Including $917,000 in year-end deferred revenue associated with subscriptions, adjusted revenues on a non-GAAP basis would total $13.8 million for the fourth quarter of 2020.
Gross profit in the fourth quarter increased 184% to $8.9 million, compared to $3.1 million in the same year-ago quarter. Gross margin in the fourth quarter of 2020 decreased to 69.1% from 79.6% in the same year-ago quarter. The decrease was primarily due to a change in the mix of product sales and inventory write-off associated with legacy products. Excluding the impact of the non-cash write-off, adjusted gross margin on a non-GAAP basis for the fourth quarter of 2020 would be 76.1%.
Operating expense in the fourth quarter of 2020 was $41.2 million, up from $3.7 million in the same year-ago quarter. The increase was primarily due to increases in selling and marketing expense of $15.2 million, general and administrative (G&A) expenses of $21.7 million, other operating expenses of $479,000, customer services of $66,000 and development costs of $93,000. G&A expenses for fourth quarter of 2020 also included non-cash expenses for stock-based compensation and amortization of $20.1 million.
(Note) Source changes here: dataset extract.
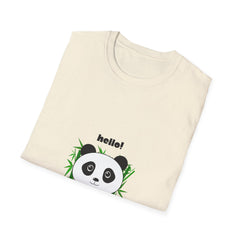 Hello Panda Unisex Softstyle Girls T-Shirt - Cute Animal Graphic Tee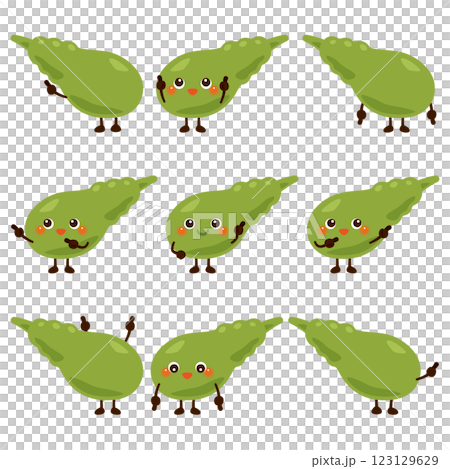 指さしをする胆嚢のキャラクターセット 123129629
The increase in selling and marketing expense was primarily driven by an acceleration of investment in patient acquisition. This resulted in a nearly 200% increase in new telemedicine patients in the fourth quarter, of which about 90% signed up for product subscriptions. The increase in G&A expenses was primarily due to non-cash stock-based compensation associated with several new management hires.
Net loss attributable to common stockholders for the fourth quarter of 2020 was $32.3 million or $(2.56) per share, as compared to a net loss attributable to common stockholders of $0.7 million or $(0.09) per share in the fourth quarter of 2019. The company’s net loss for the fourth quarter of 2020 included non-cash or financing-related charges primarily related to stock-based compensation associated with several key management hires, warrant settlement expenses, and financing costs related to the company’s fourth quarter private placement.
Adjusted EBITDA, a non-GAAP term, totaled negative $9.7 million in the fourth quarter of 2020, compared to adjusted EBITDA of $0.5 million in the same year-ago quarter (see definition of this non-GAAP term and reconciliation to GAAP, below.)
Cash totaled $9.2 million at December 31, 2020, as compared to $917,000 at September 30, 2020. The increase was primarily due to a private placement with net proceeds of $14.9 million completed in November 2020.
Full Year 2020 Financial Summary
Revenue in the full year 2020 increased 199% to a record $37.3 million from $12.5 million in 2019. The increase in revenue was attributable to both the increase in telehealth net revenues of 208% to $30.6 million and an increase in PDFSimpli net revenues of 165% to $6.7 million.
After including $917,000 in year-end deferred revenue associated with subscriptions, adjusted revenues on a non-GAAP basis total $38.2 million for the full year 2020.
Gross profit in the full year 2020 increased 185% to $28.4 million, compared to $9.9 million in 2019. Gross profit as a percentage of revenue in 2020 decreased to 76.1% from 79.7% in 2019. The decrease was primarily due to an inventory write-off associated with legacy products as well as due to the mix of products sold. Excluding inventory adjustments of $2.1 million, adjusted gross profit on a non-GAAP basis for the full year 2020 would be $30.5 million or 81.8% as a percentage of revenue.
Operating expense for the full year 2020 totaled $86.2 million, which was up from $12.8 million in 2019. The increase was primarily due to increases in selling and marketing expenses of $32.8 million, as well as G&A expenses of $39.8 million, other operating expenses of $442,000, customer service expenses of $146,000, and development costs of $224,000. G&A expenses for the full year also included non-cash stock-based compensation of $37.0 million.
Net loss attributable to common stockholders for the full year 2020 was $63.4 million or $(4.44) per share, as compared to a net loss attributable to common stockholders of $3.1 million or $(0.32) per share in 2019.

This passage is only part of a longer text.